**RECORDS TO USE:**

◇ ◇ ◇ ◇

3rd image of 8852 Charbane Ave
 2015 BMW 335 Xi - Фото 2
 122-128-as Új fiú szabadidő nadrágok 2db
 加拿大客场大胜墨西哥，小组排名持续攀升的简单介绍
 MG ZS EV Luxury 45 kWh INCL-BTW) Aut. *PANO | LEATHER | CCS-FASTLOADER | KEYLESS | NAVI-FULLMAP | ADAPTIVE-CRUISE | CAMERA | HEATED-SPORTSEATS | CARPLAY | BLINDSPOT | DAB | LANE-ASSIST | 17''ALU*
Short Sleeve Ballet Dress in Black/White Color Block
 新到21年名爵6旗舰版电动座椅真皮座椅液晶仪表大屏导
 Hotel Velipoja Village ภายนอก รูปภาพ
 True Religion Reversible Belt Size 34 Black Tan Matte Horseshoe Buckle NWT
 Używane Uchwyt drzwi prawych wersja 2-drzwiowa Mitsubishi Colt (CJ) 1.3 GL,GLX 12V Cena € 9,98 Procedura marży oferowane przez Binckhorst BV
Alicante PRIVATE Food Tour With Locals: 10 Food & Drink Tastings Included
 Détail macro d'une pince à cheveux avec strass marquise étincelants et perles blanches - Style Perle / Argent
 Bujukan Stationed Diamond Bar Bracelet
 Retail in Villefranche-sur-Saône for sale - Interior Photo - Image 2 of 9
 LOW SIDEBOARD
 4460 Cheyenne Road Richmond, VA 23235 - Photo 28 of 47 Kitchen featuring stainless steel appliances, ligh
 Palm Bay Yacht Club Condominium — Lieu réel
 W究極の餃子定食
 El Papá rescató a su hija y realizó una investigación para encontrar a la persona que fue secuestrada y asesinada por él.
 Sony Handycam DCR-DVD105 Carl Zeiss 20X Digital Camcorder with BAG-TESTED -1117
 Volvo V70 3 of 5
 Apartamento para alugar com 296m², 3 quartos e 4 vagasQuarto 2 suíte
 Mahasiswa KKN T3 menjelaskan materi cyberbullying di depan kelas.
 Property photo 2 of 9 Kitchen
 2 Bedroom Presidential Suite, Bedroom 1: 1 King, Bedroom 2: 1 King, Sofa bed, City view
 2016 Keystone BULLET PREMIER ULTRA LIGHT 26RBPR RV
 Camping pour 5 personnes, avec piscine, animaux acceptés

◇ ◇ ◇ ◇

**EXERCISE:** What is needed is each line from the records with the word "para" in it.

**TASK RESPONSE:**
 El Papá rescató a su hija y realizó una investigación para encontrar a la persona que fue secuestrada y asesinada por él.
 Apartamento para alugar com 296m², 3 quartos e 4 vagasQuarto 2 suíte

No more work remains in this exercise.